I would exclude the data field from projection. Then the data pointed to by cursor couldn't be modified by safe code.

I kinda get the feeling that we are talking past each other. So I will return to the original example:

#![feature(maybe_uninit_uninit_array)]

use std::pin::Pin;
use std::marker::PhantomPinned;
use std::mem::MaybeUninit;

struct Unmovable {
    data: [MaybeUninit<u8>; 16],
    len: usize,
    // pointer into `data` or null
    cursor: *mut u8,
    _pin: PhantomPinned,
}

impl Unmovable {
    fn new() -> Pin<Box<Self>> {
        Box::pin(Unmovable {
            data: MaybeUninit::uninit_array(),
            len: 0,
            cursor: std::ptr::null_mut(),
            _pin: PhantomPinned,
        })
    }
    
    fn push(self: Pin<&mut Self>, item: u8) {
        assert!(self.len < 16);
        
        // Safety: we do not move anything out of the mutable reference
        unsafe {
            let this = self.get_unchecked_mut();
        
            this.data[this.len].write(item);
            this.cursor = this.data[this.len].as_mut_ptr();
            this.len += 1;
        }
    }
    
    fn get_item(self: Pin<&Self>) -> Option<&u8> {
        if self.cursor.is_null() {
            None
        } else {
            // SAFETY: when `cursor` is not null, it points into `data`
            // and is valid for reads (the memory is initialized).
            // **This invariant needs to be upheld not only by `unsafe`
            // code, but safe code as well.**
            Some(unsafe { &(*self.cursor) })
        }
    }
}

fn main() {
    let mut u = Unmovable::new();
    
    dbg!(u.as_ref().get_item());
    u.as_mut().push(1);
    u.as_mut().push(2);
    dbg!(u.as_ref().get_item());
    
    {
        let mut data: Pin<&mut [MaybeUninit<_>; 16]> =  
            // this is just the desugaring of `&mut u.as_mut().data`
            // if `data` is marked with `#[pin]`
            unsafe { u.as_mut().map_unchecked_mut(|u| &mut u.data) };
        
        *data = MaybeUninit::uninit_array();
    }
    
    // woops now `cursor` points to uninitialized memory
    dbg!(u.as_ref().get_item());
}

Note the safety comment on the unsafe block in get_item:

SAFETY: when cursor is not null, it points into data and is valid for reads (the memory is initialized).

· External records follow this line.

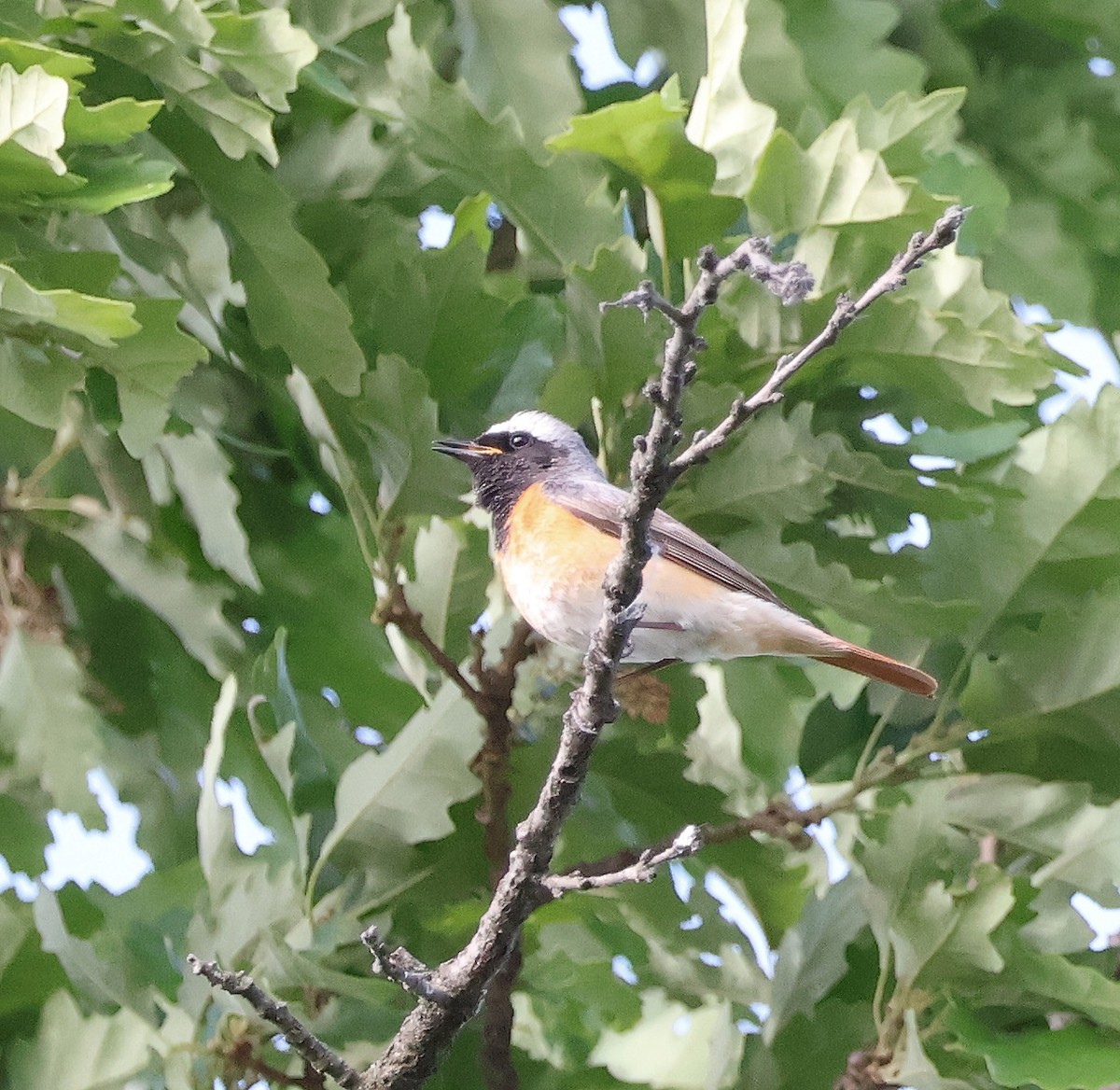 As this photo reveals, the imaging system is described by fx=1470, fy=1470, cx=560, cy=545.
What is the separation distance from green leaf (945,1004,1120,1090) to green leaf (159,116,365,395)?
1147 millimetres

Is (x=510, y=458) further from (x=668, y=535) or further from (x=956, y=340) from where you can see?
(x=956, y=340)

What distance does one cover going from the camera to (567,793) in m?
1.46

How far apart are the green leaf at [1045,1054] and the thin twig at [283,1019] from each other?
76 centimetres

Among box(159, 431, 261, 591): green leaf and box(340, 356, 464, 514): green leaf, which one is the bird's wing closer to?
box(340, 356, 464, 514): green leaf

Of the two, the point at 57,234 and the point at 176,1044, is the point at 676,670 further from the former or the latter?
the point at 57,234

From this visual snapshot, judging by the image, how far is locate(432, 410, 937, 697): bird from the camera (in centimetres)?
198

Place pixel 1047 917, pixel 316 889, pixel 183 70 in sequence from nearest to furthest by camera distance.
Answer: pixel 183 70 < pixel 1047 917 < pixel 316 889

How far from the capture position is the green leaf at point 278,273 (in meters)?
1.94

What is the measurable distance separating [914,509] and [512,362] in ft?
2.02

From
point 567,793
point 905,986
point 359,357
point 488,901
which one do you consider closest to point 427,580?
point 359,357

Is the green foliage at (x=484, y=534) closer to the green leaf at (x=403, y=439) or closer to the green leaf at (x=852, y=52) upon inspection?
the green leaf at (x=403, y=439)

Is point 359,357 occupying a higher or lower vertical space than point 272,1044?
higher

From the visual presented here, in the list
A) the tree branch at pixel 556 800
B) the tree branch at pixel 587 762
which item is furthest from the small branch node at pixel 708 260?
the tree branch at pixel 556 800

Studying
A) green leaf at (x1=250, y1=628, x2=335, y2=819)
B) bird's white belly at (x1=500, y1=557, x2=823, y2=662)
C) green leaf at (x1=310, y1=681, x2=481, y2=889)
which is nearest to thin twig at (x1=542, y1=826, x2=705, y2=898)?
green leaf at (x1=310, y1=681, x2=481, y2=889) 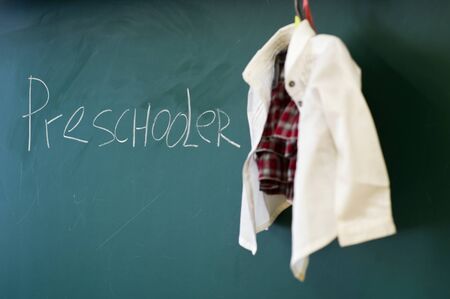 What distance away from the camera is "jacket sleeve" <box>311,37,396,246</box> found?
777 millimetres

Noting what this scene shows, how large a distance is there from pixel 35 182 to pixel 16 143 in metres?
0.16

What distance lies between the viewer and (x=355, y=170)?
2.55ft

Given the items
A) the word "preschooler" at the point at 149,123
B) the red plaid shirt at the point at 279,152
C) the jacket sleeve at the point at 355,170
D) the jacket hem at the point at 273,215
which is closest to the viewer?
the jacket sleeve at the point at 355,170

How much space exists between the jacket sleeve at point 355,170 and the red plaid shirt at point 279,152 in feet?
0.46

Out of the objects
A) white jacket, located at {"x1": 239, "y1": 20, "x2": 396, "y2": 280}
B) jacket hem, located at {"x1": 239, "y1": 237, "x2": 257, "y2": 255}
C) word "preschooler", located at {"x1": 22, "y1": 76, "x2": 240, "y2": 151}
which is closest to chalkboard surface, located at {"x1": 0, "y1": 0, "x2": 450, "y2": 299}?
word "preschooler", located at {"x1": 22, "y1": 76, "x2": 240, "y2": 151}

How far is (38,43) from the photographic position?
146 centimetres

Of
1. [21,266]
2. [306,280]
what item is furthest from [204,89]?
[21,266]

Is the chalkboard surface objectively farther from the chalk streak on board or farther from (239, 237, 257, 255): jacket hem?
(239, 237, 257, 255): jacket hem

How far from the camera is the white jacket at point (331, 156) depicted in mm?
780

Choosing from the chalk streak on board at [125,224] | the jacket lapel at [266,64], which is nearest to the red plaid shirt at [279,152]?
the jacket lapel at [266,64]

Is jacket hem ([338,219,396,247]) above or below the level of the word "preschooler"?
below

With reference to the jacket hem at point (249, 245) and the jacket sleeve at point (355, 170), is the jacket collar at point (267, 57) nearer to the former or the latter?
the jacket sleeve at point (355, 170)

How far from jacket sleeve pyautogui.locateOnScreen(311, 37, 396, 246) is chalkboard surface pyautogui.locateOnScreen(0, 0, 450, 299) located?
265 millimetres

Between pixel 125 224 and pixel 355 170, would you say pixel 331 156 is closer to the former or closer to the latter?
pixel 355 170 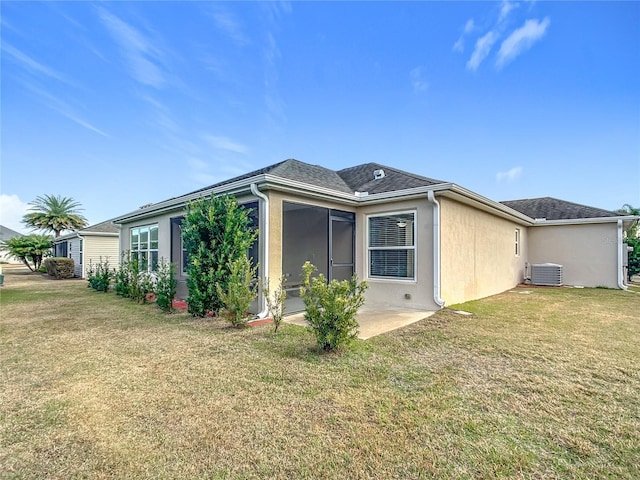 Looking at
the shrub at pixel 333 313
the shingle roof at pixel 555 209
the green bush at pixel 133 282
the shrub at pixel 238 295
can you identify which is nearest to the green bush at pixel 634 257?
the shingle roof at pixel 555 209

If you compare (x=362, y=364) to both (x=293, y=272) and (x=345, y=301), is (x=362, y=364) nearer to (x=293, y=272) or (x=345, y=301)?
(x=345, y=301)

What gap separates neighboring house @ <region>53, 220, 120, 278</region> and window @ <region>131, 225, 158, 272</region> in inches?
321

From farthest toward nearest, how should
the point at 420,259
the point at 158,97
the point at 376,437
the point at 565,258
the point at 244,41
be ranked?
the point at 565,258 < the point at 158,97 < the point at 244,41 < the point at 420,259 < the point at 376,437

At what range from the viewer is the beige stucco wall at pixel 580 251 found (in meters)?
13.2

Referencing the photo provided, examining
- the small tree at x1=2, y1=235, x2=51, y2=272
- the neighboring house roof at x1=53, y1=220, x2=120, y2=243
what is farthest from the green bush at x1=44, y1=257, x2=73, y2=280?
the small tree at x1=2, y1=235, x2=51, y2=272

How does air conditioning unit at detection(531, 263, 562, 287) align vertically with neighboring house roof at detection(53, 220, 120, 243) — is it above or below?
below

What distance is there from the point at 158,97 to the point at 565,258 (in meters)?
19.0

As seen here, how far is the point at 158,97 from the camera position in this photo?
12.9m

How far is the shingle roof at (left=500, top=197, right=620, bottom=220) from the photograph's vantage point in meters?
13.8

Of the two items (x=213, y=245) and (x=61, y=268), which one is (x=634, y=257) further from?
(x=61, y=268)

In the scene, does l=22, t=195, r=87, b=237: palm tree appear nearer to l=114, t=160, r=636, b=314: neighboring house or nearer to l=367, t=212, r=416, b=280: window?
l=114, t=160, r=636, b=314: neighboring house

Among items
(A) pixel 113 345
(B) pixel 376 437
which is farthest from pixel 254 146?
(B) pixel 376 437

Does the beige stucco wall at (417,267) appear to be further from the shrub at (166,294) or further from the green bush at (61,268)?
the green bush at (61,268)

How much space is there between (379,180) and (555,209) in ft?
35.4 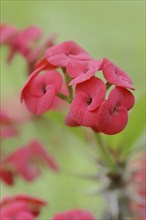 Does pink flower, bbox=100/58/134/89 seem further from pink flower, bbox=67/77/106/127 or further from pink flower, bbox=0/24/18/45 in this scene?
pink flower, bbox=0/24/18/45

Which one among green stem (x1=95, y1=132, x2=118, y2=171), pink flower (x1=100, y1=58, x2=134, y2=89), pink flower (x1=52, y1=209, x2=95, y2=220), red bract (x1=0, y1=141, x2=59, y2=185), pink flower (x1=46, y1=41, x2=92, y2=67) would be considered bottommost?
pink flower (x1=52, y1=209, x2=95, y2=220)

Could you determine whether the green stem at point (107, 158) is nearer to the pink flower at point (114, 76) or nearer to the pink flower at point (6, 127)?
the pink flower at point (114, 76)

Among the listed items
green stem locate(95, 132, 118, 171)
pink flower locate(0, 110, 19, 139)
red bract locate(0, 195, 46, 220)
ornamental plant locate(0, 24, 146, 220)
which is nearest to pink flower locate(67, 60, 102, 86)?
ornamental plant locate(0, 24, 146, 220)

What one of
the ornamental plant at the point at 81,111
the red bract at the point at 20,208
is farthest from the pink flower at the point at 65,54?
the red bract at the point at 20,208

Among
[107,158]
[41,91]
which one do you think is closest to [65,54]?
[41,91]

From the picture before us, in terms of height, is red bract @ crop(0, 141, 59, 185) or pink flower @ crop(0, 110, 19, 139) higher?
pink flower @ crop(0, 110, 19, 139) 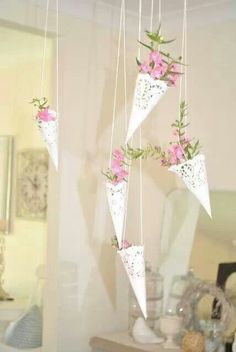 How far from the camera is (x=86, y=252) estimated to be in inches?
107

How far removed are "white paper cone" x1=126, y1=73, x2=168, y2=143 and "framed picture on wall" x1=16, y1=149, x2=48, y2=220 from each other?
2.03m

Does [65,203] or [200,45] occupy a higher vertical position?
[200,45]

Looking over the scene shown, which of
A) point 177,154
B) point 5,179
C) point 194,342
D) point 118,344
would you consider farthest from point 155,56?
point 5,179

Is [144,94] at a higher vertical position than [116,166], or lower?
higher

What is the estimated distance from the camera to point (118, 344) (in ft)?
8.23

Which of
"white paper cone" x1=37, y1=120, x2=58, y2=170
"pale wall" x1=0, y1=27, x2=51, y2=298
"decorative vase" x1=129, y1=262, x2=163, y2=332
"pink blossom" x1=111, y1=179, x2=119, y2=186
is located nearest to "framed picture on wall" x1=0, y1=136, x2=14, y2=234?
"pale wall" x1=0, y1=27, x2=51, y2=298

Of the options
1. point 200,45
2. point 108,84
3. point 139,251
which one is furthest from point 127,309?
point 139,251

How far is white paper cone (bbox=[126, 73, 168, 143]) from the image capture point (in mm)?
1259

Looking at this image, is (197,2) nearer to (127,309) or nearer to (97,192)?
(97,192)

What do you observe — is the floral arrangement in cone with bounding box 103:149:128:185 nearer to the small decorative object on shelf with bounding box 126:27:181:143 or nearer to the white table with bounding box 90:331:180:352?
the small decorative object on shelf with bounding box 126:27:181:143

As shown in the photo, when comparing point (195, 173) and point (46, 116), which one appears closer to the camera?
point (195, 173)

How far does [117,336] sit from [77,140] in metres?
0.94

This invariant needs to be upheld not only by unsafe code, but safe code as well.

The proposed feature does not introduce new unsoundness into this API. As you have demonstrated by the example, there is already the potential for UB.

The only difference between this and the version that uses pin-project/this feature is: the lack of unsafe in the part where you modify the data field.

I am saying that we can attribute the unsoundness to the unsafe block situated in the get_item function. The user has not upheld the invariant. Without this unsafe block, everything would be fine.